The main practical issue is not the idea itself but choosing the citation window. That is manageable. Every discipline has its own citation half-life, so the metric could be calculated using citations accumulated over roughly that half-life after publication. In fast-moving fields, the C-index would be even harder to manipulate. In slow-moving fields with long citation half-lives, the metric would naturally reward work with lasting value.

In principle, that makes cross-field comparison possible, though I am not sure that is especially meaningful. Research assessment often ends up comparing apples and oranges anyway.

What happens if we apply it to Science?

Take a two-year window, matching the impact factor framework. Instead of checking each paper’s reference list individually, use averages.

In 2019, Science published 2,729 papers that together cited 112,842 references, an average of about 41 references per paper. How many of those papers were cited more times than the number of references they contained over 2020–2021? Roughly 550 to 600. That would put the journal’s C-index at around 550–600.

In 2020 the average reference count rose to 45 per paper, but not dramatically, which suggests the pandemic did not alter this side of the equation very much. Using the 2021–2022 citation window, the journal’s C-index again comes out to about 550–600.

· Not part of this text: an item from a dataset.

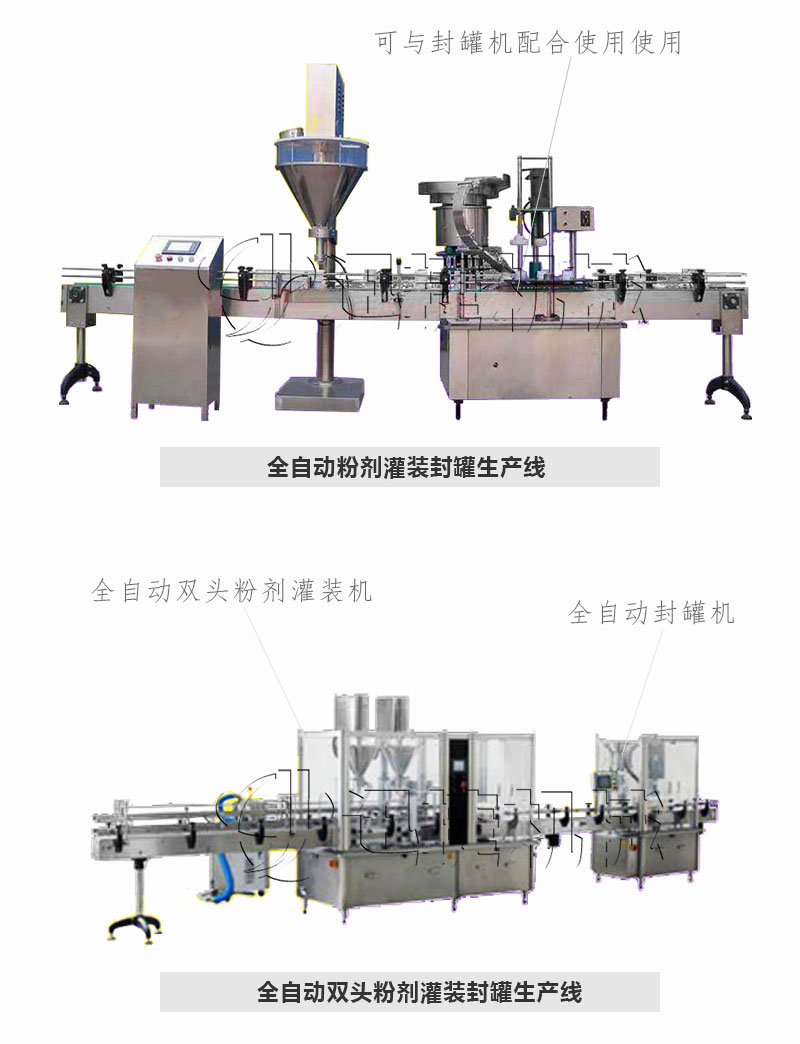 直线式罐装粉剂灌装压盖生产线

That stability is the interesting part. This metric appears relatively immune to short-lived hot topics. Whether the field is in a boom cycle or not, the relationship between how much researchers cite and how much the most influential papers are cited remains fairly stable. Even for a journal as prominent as Science, the yearly change is limited. Roughly 20% of its papers seem to qualify as truly original by this standard.

A comparison with ES&T

Now consider ES&T, a top journal in environmental science.

In 2019, it published 1,548 papers citing a total of 43,981 references, or 28.4 references per paper on average. Its C-index would be around 150–200, meaning an originality share of roughly 13%.

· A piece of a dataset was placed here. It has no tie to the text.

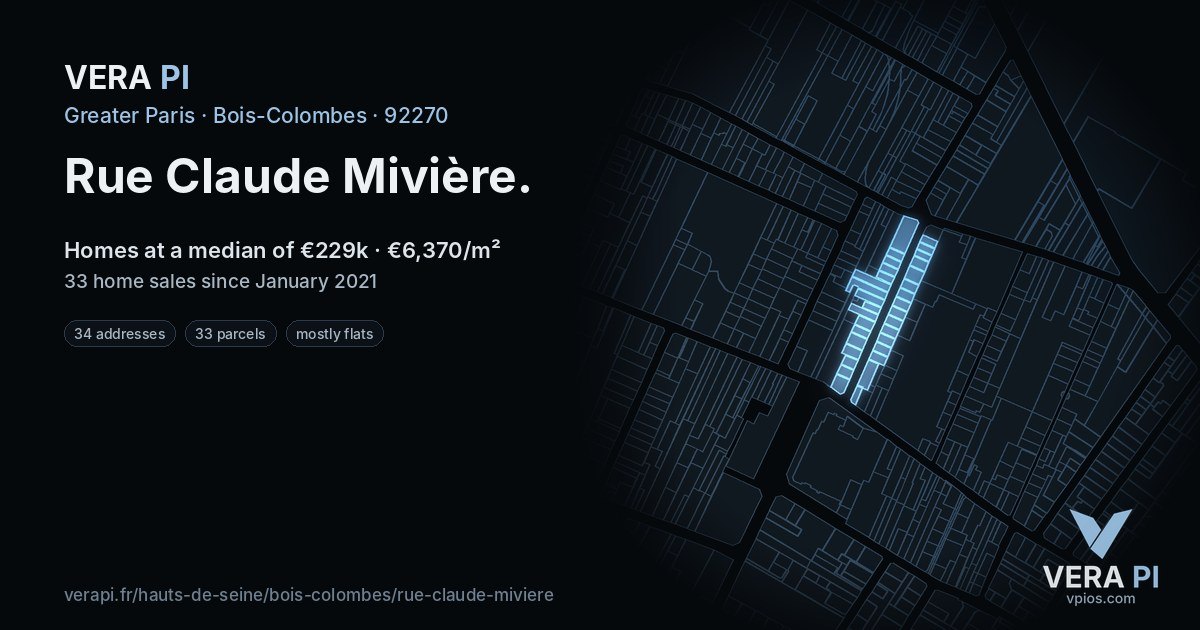 Rue Claude Mivière, Bois-Colombes at night – every parcel coloured by the prices around it, the street's own parcels lit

In 2020, it published 1,691 papers citing 35,276 references, about 21 per paper on average. Its C-index rises to around 250–300, pushing the originality share to about 20%.

That comparison suggests something important: the gap between broad-scope journals and leading specialty journals may not be as large as people assume when it comes to the proportion of highly original papers. Generalist flagship journals seem to maintain around 20% genuinely high-originality, high-impact work under ordinary conditions. A top subfield journal can approach that level when major scientific problems emerge, though in quieter times it may sit somewhat lower.

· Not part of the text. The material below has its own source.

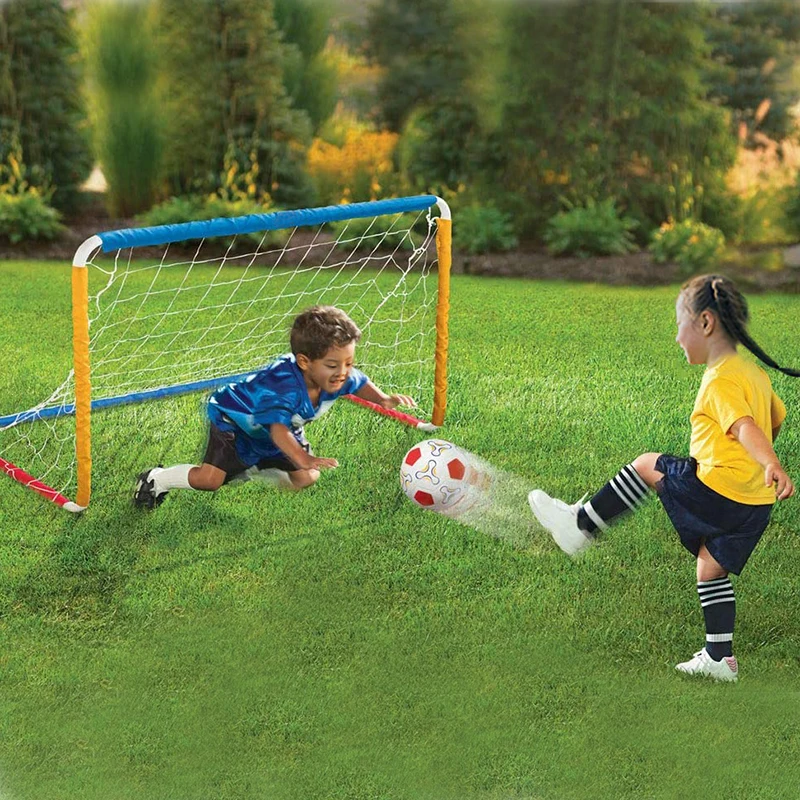 Iron Mini Football Goal With Ball And Pump For Kids Easy Score Soccer Set Game Outdoor Toys For Backyard Train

It also implies a less flattering truth. Roughly 80% of papers even in elite journals probably have limited long-term influence. Some are there because of networks, some because of hype, some because of luck. Many do not actually reach the journal’s average citation level, let alone reshape the field.

What the C-index would mean for individuals

For individuals, reaching a double-digit C-index would probably already place someone at the professor level. That would imply more than ten genuinely original outputs, or at least a fairly substantial h-index, perhaps somewhere around the twenties or thirties.

If you look only at first-author papers, many professors probably had not yet accumulated ten such papers before they started their own groups. Once corresponding authorship enters the picture, attribution becomes murkier: was the originality mainly due to the student, the postdoc, or the principal investigator? But for evaluating a research group as a whole, the C-index still makes sense. At a minimum, a group should probably have a C-index above 1 before it can seriously claim a track record of original work.

I am not especially worried about whether the metric is easy to calculate. As an unofficial indicator, nobody is trying to optimize for it yet, and it would not be easy to optimize anyway. For now it is something people can calculate out of curiosity.

If one day it became accepted more broadly, that would not surprise me. Research should be built on pioneering work, not just on an ever-expanding pile of derivative follow-up studies.